* Assignment *
Would you reproduce exactly, and only, the lines starting at the one with "全網最低 木製收納盒 小汽車收納櫃" and ending at the last line of the data, with both included? Leave the pictures out.

* Stored data *
━━━━━━━━━━━━━━━━━━━━━━━━━━━━━━

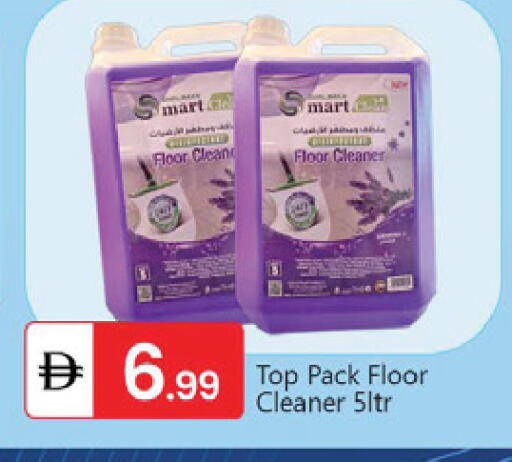 available at TALAL MARKET in UAE - Dubai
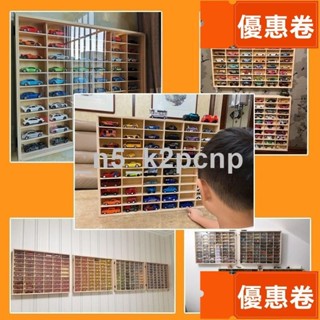 全網最低 木製收納盒 小汽車收納櫃 玩具收納架 寶寶玩具車收納風火輪多美卡火柴盒汽車模型收納合金車模收納玩具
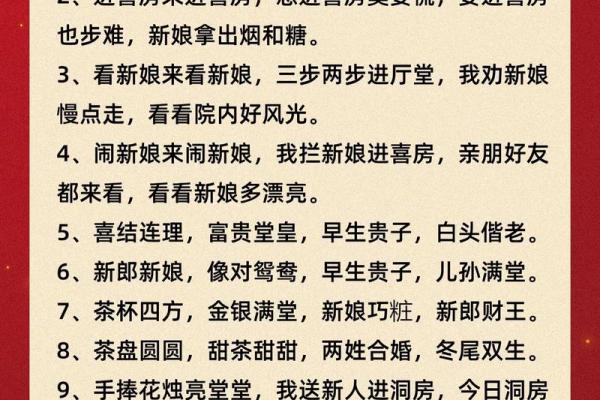 2026年4月嫁娶吉日精选推荐，新人必看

━━━━━━━━━━━━━━━━━━━━━━━━━━━━━━

* Answer for this exercise *
 全網最低 木製收納盒 小汽車收納櫃 玩具收納架 寶寶玩具車收納風火輪多美卡火柴盒汽車模型收納合金車模收納玩具
 2026年4月嫁娶吉日精选推荐，新人必看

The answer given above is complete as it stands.